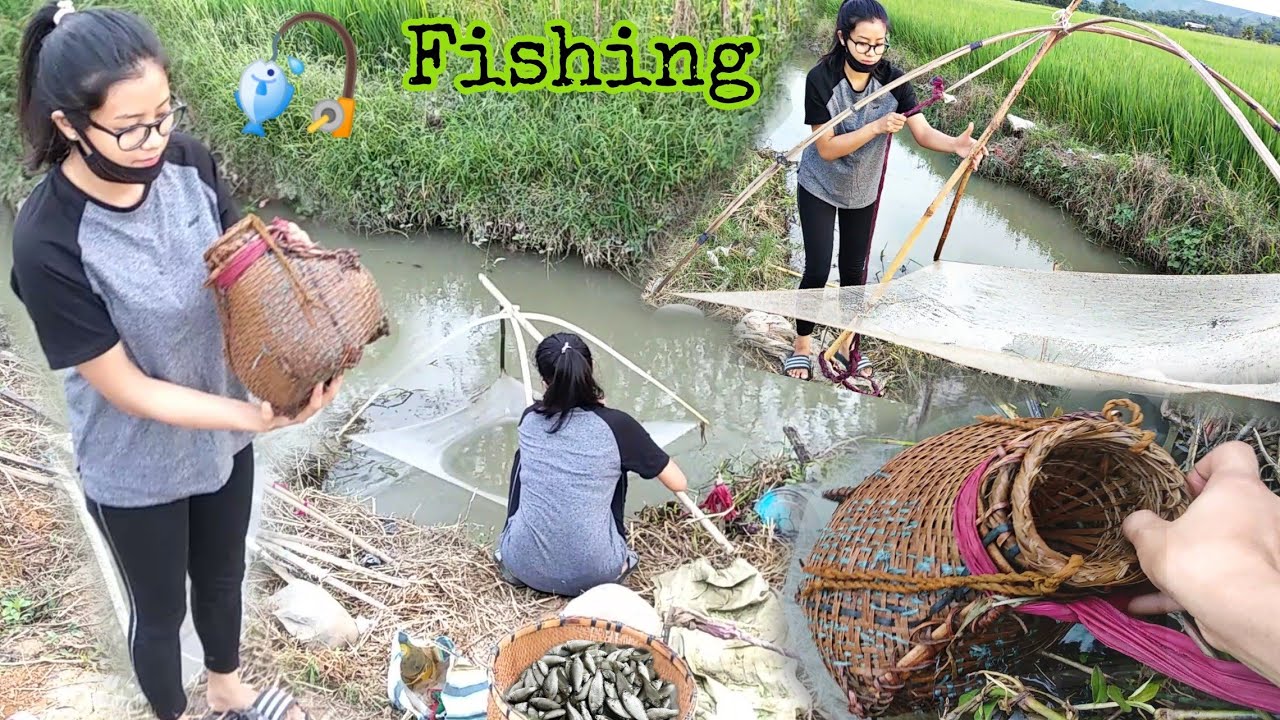 Traditional🎣 fishing in Manipur North-east India | khong dagi Nga faba | Kakching | Eat with sisters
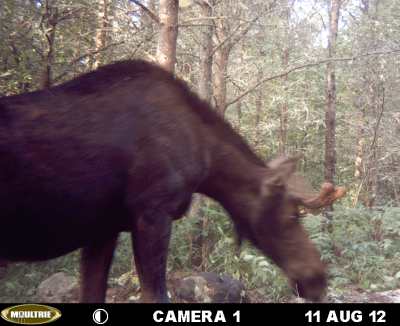 Moose on game cam 2012
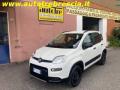 usato FIAT Panda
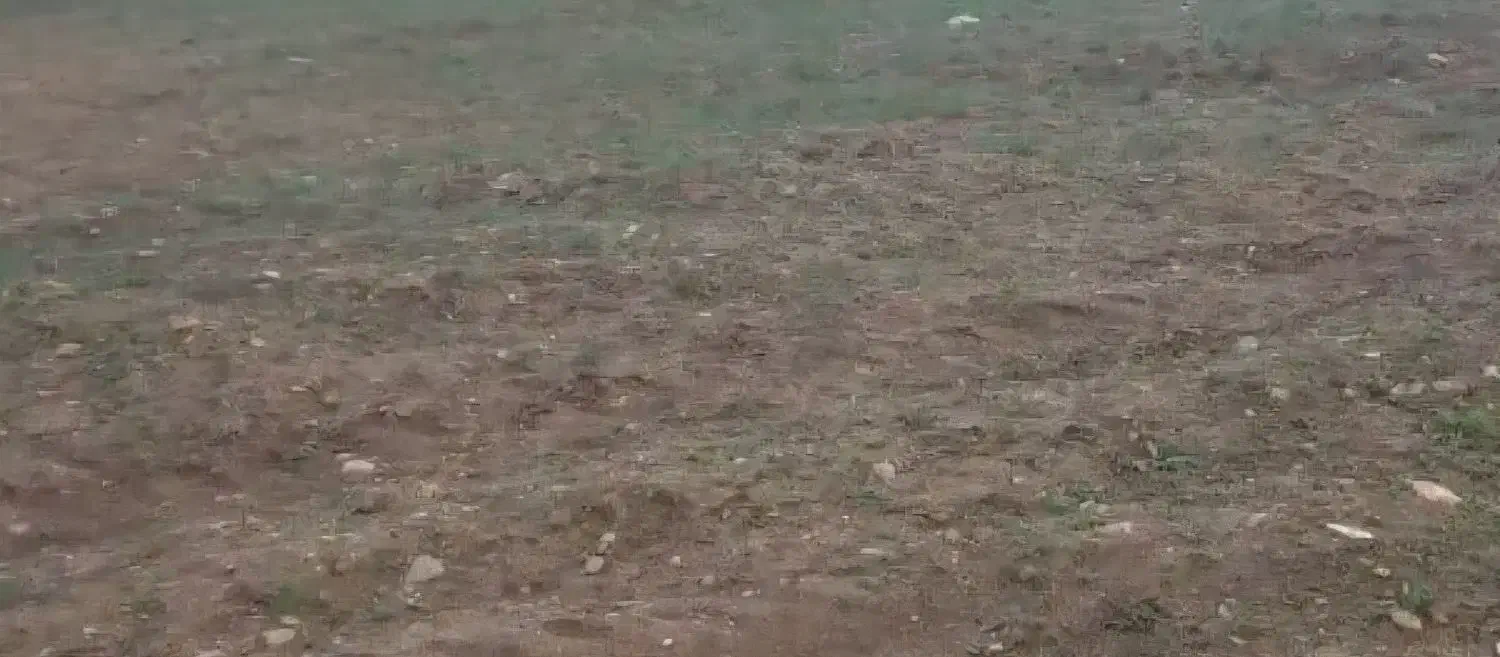 زمین مسکونی|فروش زمین و ملک کلنگی|داران, |دیوار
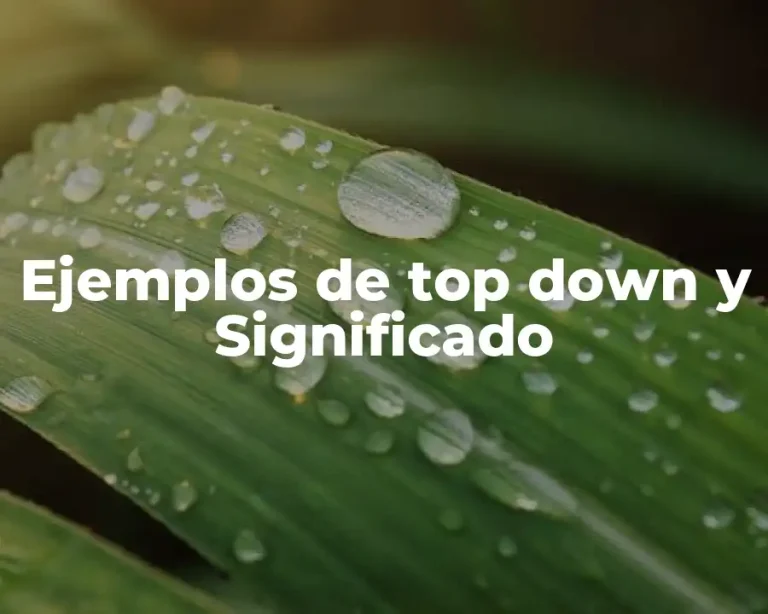 Ejemplos de top down y Significado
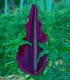 Ďáblův jazyk - Dracunculus vulgaris - cibuloviny - 1 ks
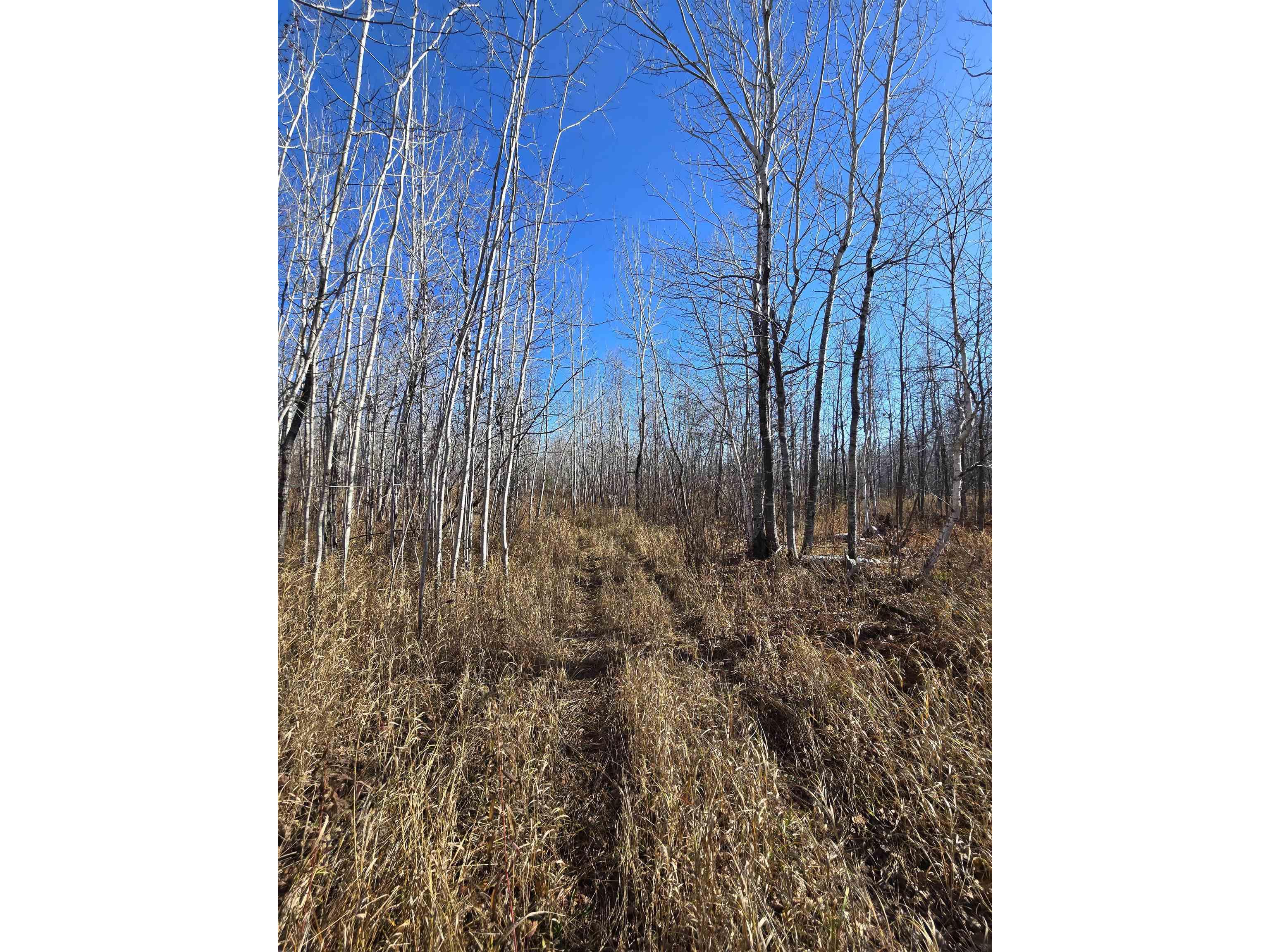 6669 Little Marais Trl Silver Bay MN 55614 6122918 image18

WHAT THE TASK ASKS: Leave every picture out. Retype the remaining data exactly.

SOLUTION FOR THIS EXERCISE:
 Traditional🎣 fishing in Manipur North-east India | khong dagi Nga faba | Kakching | Eat with sisters
 Moose on game cam 2012
 usato FIAT Panda
 زمین مسکونی|فروش زمین و ملک کلنگی|داران, |دیوار
 Ejemplos de top down y Significado
 Ďáblův jazyk - Dracunculus vulgaris - cibuloviny - 1 ks
 6669 Little Marais Trl Silver Bay MN 55614 6122918 image18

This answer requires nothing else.